But now, four years and three children into motherhood, I have more perspective. I now realize that those first couple of years were really hard on me. I realize that while I may have been prepared for the nuts and bolts of the work that goes into caring for children, I was woefully unprepared for dealing with the emotional strain of motherhood.

Just because I knew what I was doing, doesn’t mean I knew how to deal with the intensity of doing it all the time, without a break, for little people who relied almost entirely on me. It doesn’t mean I knew how to get through the baby blues or withstand the sound of my baby crying for hours on end or handle the heart-wrenching truth that I couldn’t produce enough milk to feed my own child.

Motherhood was so much harder than the “making dinner while trying to calm a screeching baby” kind of hard I expected. It was “feeling useless because my mother was making us pancakes” hard. And “crying on the kitchen floor because my toddler won’t leave me alone” hard.
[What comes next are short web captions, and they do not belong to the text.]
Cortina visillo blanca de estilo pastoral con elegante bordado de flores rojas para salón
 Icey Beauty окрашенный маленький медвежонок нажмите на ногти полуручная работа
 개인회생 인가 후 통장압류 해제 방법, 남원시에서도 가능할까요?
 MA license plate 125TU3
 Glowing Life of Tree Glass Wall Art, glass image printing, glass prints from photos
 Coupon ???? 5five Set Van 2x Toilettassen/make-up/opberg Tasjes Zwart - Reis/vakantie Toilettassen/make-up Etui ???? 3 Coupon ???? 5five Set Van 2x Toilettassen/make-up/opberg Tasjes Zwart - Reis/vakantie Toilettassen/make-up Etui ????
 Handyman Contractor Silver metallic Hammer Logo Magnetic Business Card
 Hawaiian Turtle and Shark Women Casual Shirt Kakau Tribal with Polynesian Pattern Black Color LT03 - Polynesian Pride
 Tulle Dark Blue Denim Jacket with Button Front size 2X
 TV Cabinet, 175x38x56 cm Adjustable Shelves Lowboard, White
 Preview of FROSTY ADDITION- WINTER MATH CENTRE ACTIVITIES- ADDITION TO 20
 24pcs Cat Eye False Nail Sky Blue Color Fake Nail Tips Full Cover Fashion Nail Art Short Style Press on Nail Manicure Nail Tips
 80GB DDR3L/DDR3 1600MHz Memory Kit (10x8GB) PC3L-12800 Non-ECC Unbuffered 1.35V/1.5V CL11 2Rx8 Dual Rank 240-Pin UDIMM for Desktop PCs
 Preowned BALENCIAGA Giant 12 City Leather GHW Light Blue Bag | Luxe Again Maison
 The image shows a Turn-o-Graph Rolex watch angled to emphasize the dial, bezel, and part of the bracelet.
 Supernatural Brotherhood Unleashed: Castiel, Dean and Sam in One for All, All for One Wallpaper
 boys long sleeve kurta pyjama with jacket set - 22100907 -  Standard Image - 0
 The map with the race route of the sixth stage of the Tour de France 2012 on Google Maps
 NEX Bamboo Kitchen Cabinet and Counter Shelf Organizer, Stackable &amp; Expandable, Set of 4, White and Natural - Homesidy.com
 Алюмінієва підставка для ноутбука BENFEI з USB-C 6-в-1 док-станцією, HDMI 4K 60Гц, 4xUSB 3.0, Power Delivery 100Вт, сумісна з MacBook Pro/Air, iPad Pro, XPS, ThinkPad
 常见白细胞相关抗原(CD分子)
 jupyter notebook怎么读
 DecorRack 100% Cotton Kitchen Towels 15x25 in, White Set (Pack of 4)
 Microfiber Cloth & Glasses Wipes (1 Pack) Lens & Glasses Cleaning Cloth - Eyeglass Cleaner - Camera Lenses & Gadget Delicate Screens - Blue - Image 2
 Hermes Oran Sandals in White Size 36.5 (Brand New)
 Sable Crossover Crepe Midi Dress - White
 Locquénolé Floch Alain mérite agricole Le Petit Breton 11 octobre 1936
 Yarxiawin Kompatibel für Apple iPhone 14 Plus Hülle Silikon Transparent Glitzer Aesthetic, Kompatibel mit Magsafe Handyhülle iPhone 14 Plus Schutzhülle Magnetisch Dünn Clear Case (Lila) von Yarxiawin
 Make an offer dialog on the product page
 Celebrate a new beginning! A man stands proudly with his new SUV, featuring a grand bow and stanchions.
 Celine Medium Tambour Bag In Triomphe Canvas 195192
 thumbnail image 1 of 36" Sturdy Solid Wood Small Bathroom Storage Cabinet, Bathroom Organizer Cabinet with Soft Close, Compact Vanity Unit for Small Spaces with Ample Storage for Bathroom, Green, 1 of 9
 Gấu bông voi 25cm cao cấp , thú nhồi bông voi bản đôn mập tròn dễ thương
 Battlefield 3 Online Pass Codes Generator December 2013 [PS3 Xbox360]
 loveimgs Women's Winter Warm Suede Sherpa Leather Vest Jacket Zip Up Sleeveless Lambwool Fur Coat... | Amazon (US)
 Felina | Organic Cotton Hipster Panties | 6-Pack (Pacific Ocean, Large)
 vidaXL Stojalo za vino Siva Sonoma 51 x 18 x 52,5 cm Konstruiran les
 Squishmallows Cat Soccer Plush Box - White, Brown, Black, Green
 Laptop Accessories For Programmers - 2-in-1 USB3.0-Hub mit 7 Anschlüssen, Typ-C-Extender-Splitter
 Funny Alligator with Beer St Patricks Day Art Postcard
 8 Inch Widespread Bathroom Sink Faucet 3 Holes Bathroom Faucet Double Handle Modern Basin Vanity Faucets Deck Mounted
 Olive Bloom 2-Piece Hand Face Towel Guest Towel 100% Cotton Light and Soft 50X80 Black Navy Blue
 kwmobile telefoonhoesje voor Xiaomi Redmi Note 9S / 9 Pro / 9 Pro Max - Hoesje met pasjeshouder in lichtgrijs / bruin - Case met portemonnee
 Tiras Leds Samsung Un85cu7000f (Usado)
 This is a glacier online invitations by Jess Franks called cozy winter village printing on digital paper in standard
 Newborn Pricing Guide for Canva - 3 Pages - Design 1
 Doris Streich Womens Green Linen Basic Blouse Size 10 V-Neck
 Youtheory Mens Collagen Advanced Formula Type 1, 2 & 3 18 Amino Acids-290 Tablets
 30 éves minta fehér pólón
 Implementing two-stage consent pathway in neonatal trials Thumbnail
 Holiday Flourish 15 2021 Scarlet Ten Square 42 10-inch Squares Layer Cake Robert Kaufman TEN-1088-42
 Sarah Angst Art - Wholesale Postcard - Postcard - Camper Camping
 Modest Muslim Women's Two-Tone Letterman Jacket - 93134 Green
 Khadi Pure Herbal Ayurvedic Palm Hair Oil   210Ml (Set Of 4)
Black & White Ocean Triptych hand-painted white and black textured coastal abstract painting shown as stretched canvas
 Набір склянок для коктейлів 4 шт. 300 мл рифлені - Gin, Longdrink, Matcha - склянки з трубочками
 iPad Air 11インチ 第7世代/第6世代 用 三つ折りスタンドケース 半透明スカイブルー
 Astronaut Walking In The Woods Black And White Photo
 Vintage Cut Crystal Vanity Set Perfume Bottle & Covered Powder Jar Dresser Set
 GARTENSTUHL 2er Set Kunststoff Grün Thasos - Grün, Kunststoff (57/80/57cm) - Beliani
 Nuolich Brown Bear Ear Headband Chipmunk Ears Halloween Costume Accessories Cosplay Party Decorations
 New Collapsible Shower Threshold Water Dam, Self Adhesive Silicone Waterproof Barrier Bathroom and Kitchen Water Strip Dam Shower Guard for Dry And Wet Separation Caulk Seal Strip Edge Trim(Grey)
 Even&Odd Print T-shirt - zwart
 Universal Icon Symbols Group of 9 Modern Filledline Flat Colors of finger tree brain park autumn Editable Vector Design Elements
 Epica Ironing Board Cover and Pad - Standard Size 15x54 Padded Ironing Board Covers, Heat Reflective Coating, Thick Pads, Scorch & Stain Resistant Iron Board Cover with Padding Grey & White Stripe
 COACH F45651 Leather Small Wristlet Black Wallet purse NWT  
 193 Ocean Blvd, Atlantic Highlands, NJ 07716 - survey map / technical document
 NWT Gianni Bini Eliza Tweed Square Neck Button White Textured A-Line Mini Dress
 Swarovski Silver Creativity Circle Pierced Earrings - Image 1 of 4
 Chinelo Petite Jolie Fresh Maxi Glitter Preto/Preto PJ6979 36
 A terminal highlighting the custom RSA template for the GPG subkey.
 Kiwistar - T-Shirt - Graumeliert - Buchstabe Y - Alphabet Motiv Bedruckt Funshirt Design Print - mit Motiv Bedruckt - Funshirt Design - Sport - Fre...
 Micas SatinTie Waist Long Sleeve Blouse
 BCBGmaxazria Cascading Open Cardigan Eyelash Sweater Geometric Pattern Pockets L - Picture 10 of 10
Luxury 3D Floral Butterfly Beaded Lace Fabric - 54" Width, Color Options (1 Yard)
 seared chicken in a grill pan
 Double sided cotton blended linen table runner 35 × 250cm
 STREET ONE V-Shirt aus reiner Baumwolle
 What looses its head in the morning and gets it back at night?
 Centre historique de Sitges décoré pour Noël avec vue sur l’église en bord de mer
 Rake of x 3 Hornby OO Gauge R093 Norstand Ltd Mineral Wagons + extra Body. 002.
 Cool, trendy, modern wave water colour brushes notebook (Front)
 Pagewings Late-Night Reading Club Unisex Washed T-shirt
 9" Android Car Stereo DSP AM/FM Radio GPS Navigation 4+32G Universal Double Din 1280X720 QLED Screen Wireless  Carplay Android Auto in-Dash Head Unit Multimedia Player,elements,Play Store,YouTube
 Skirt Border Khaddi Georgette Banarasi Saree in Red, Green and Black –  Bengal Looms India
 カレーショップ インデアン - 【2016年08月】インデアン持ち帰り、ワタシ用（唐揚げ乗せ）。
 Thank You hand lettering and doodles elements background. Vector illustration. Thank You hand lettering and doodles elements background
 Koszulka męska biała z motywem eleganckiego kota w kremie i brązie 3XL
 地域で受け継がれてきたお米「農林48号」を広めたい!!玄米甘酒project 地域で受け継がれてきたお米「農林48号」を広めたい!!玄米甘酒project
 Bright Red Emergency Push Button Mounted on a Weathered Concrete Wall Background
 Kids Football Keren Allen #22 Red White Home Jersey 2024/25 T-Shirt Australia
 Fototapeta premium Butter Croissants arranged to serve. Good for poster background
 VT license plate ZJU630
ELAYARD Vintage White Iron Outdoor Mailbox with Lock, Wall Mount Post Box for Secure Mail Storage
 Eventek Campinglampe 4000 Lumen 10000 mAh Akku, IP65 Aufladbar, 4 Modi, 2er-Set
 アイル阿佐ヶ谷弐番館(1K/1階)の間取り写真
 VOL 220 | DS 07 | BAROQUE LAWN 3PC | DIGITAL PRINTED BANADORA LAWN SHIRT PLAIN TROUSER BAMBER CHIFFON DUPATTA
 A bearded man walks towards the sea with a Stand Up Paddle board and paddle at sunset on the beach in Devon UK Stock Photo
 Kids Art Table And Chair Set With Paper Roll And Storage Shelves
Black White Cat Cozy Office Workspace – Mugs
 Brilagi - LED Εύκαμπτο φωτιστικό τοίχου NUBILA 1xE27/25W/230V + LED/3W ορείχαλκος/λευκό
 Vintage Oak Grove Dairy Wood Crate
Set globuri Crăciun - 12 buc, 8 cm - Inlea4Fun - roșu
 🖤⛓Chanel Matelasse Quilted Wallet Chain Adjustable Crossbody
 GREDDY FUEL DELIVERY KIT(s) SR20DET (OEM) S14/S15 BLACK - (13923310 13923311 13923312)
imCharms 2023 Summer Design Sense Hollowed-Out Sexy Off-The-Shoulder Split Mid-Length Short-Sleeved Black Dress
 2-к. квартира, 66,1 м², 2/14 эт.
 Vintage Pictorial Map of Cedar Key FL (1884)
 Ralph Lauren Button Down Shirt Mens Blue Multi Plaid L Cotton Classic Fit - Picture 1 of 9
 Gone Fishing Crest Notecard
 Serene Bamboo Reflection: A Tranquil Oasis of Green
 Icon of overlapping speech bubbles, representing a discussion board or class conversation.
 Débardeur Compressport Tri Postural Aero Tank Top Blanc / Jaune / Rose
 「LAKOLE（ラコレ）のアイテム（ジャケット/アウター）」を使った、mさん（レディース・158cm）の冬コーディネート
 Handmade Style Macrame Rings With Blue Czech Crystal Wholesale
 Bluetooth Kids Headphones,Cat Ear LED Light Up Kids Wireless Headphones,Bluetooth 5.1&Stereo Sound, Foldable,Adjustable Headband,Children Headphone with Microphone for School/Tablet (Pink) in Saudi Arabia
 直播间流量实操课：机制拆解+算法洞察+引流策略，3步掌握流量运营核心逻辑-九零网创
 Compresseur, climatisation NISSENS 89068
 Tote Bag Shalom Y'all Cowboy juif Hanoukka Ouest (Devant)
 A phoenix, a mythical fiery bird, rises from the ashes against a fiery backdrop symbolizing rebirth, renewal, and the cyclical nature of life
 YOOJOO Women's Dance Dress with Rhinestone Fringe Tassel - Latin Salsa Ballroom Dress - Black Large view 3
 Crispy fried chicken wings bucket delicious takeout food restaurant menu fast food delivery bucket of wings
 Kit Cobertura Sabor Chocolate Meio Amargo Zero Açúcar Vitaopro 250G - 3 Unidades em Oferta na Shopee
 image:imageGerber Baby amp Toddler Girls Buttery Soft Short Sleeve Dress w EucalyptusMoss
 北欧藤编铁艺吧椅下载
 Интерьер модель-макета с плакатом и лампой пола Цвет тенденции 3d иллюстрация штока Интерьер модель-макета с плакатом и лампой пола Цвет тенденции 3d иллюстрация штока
And “sobbing in the front passenger seat because my husband wasn’t being the right kind of supportive” hard.

It is less hard today.

It’s not less hard because it’s less work. (With three boys now, parenting necessarily involves much more work today than it did at first.) Motherhood is less hard simply because I’m more used to it. The idea of being constantly on-call has by now been absorbed so completely that I wouldn’t know what to do if I weren’t responsible for my boys. And now when I find myself emotional and despairing of whatever it is that seems so hard at the moment, I know enough to recognize that whatever it is is simply the next in a long line of real but passing hardships.

I know that I have more hardships ahead of me and I know that some of them will make their season of motherhood feel more difficult than the one I’m in now. But at least then I’ll have the benefit of even more perspective – that which I will have gained from my own experience and that which I will have gained from parents whom I’m not too much of a smarty-pants to listen to.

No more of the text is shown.